17 de agosto de 2012

Confissões de um tolo


"Eu, quando dei o tiro, não me lembrei de mais nada."


Eu. Pessoa nascida em um mundo de chão, terra, sangue e unhas enegrecidas de carvão. Eu, carne e fé, pessoa de verdade, com méritos no peito. Mas, quando apertei o gatilho – ingenuamente chamado por mim de botão -, destitui-me de todos esses predicados ou denominações. Porque eu preferi assim.

A mim foi negada a verdade sobre o caso, e também sobre seus desdobramentos. Muito embora me envolvessem em totalidade. Eles não sabem que eu sei. Eles provavelmente jamais saberão. Eu sei, eu sei.

Perdoe-me, eu fui um tolo. E para pagar minha culpa carreguei, nas costas, o peso que é reservado a todos que agem como eu. Somos tolos. Por nossa ingenuidade (repito a palavra, coisa que não gosto de fazer, mas não há outra), por nossa excelência em honestidade e devoção, somos tolos. A nós, nesse mundo de valores, foram destinados os castigos de levar sobre a cabeça o peso das ações dos demais em que estes atributos não figuram.

A mim, e a muitos outros que estão por aí, muito será tirado durante uma vida toda. Por saber respeitar a vontade do outro, por temer não preencher as expectativas de todos, por querer evitar sermos considerados desleais ou indesejáveis, somos tolos. Caem sobre nosso céu – que, particularmente, é muito mais azul que os demais – as trovoadas de lixos e desleixos dos outros que, não tolos, orbitam na esplêndida cobertura. Não é para nós tal maravilha.

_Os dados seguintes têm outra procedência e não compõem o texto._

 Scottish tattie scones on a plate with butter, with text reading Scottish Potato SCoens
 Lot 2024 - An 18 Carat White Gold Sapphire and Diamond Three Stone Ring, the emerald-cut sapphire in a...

Eles não sabem que sabemos. Nem todos sabemos, em verdade, mas à grande maioria, a quem foi destinado poder experimentar de toda sua tolice, nada pode ficar por muito tempo escurecido. Iremos descobrir e perceber como agem e como pensam de nós. Pobres são eles, pensando que, tolos, não conseguimos enxergar nada. A beleza da tolice é que, liberta, nos permite examinar todos os reflexos. Nada pode ficar despercebido.

Mas o mundo não pertence aos tolos, naturalmente. Não mais, talvez não mais há muitos e muitos tempos. Assim, deve ter sido a nós destinado um outro lugar, e de preferência que seja agraciado pelo cintilar do experimentalismo. Os não tolos, pelo que sei, imaginam saber de tais lugares, imaginam ter atingido o pico. Ora, que “tolos”, não? A serenidade de espírito – chave deste paraíso – não repousa em suas cabeças. Pobres.

Mas o mundo, este, não pertence aos tolos. A mim foi negada a verdade, a nós foi reservado um encargo injusto. Porque somos tolos. Por isso, despi-me de todos os predicados, reservei-os em um banco maciço e empoeirado. A partir daqui, regozijei-me, não serei mais conhecido por denominações ou posses. Essa dor, este peso cairá; não me lembrarei mais de nada. Eles provavelmente jamais entenderão. Foi quando apertei o botão.